Cultura que cruza fronteras
Si lo que buscas es arte hecho en casa, te recomendamos visitar el Centro Cultural Paso del Norte, donde ofrecen una cartelera activa con presentaciones escénicas y conciertos locales. Cerca de ahí también está el Centro Histórico de Ciudad Juárez donde se ofrecen caminatas culturales, música urbana y la posibilidad de redescubrir edificios históricos que nos cuentan relatos de frontera y resistencia.

Museos para mirar la ciudad con otros ojos
Si te gustan los planes más tranquilos puedes visitar el Museo de la Revolución en la Frontera donde sus exposiciones nos conectan el pasado revolucionario con el presente juarense. Una visita al museo puede llevarte a un viaje al pasado para comprender mejor por qué esta ciudad siempre ha sido territorio de cambio.
Aire libre y convivencia familiar
Si lo tuyo es más de hacer actividades al aire libre, el Parque Central Poniente es un punto de encuentro para familias y grupos de amigos, ya que cuenta con áreas verdes, actividades recreativas y eventos comunitarios, convirtiéndolo en la opción perfecta para todos aquellos que quieran darse un respiro al aire libre después de la rutina semanal.
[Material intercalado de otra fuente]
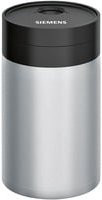 Siemens Isolierbehälter TZ80009N für Frischmilch in Silber und Schwarz - Bild 1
Comer en Juárez también es un plan
Para todos aquellos que prefieren buscar una oferta gastronómica hay mucho por donde elegir. Desde food trucks hasta restaurantes tradicionales, te recomendamos recorrer la Avenida Gómez Morín o la Zona Pronaf donde pueden probar propuestas que mezclan los sabores del norte con fusiones internacionales. Comer aquí también significa apoyar el talento local.
Un fin de semana que suma
Ciudad Juárez no se detiene los fines de semana: se reinventa. Ya sea desde un escenario, un museo, un parque o una mesa compartida, la frontera invita a salir y recordar que el mejor plan muchas veces está más cerca de lo que creemos.